Der Vermieter kann nunmehr seinen Vollstreckungsauftrag auf die bloße Besitzverschaffung an den Räumen beschränken. 102) Der Gerichtsvollzieher hat in diesem Fall den Mieter aus dem Besitz zu setzen und den Vermieter in den Besitz einzuweisen. 103) Dabei hat er gem. § 885a Abs. 2 ZPO in dem Vollstreckungsprotokoll 104) die frei ersichtlichen beweglichen Sachen zu dokumentieren, die er bei der Vornahme der Handlung vorfindet. Aus dem eindeutigen Wortlaut der Vorschrift geht bereits hervor, dass der Gerichtsvollzieher nicht zur Erstellung einer vollständigen Inventarliste verpflichtet ist.

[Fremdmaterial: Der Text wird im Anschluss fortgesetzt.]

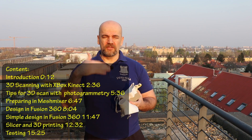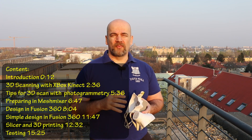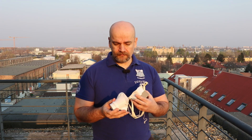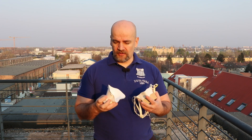Here you can see the contents so you can jump to any part you'd like. First I'll talk about 3D scanning — I'm using an Xbox Kinect, but I'll give tips if you want to try photogrammetry by taking photos and stitching them together. In the second part I prepare the surface using Meshmixer, which is also free software. In the third part I use that surface in Fusion 360 to design the mask. I'll show two designs: one is a bit overkill, but I'll also show a much simpler approach.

Darüber hinaus ist es dem Gerichtsvollzieher im Rahmen der Sichtung und Dokumentation verwehrt, verschlossene Behältnisse zu öffnen oder die Wohnung des Schuldners gezielt nach Wertgegenständen zu durchsuchen. Der Gerichtsvollzieher ist zur Anfertigung von Lichtbildern berechtigt. 105) Die Protokollierung sowie die Anfertigung von Lichtbildern soll im Streitfall über Bestand und Zustand der vom Mieter eingebrachten Sachen die Beweisführung erleichtern. 106)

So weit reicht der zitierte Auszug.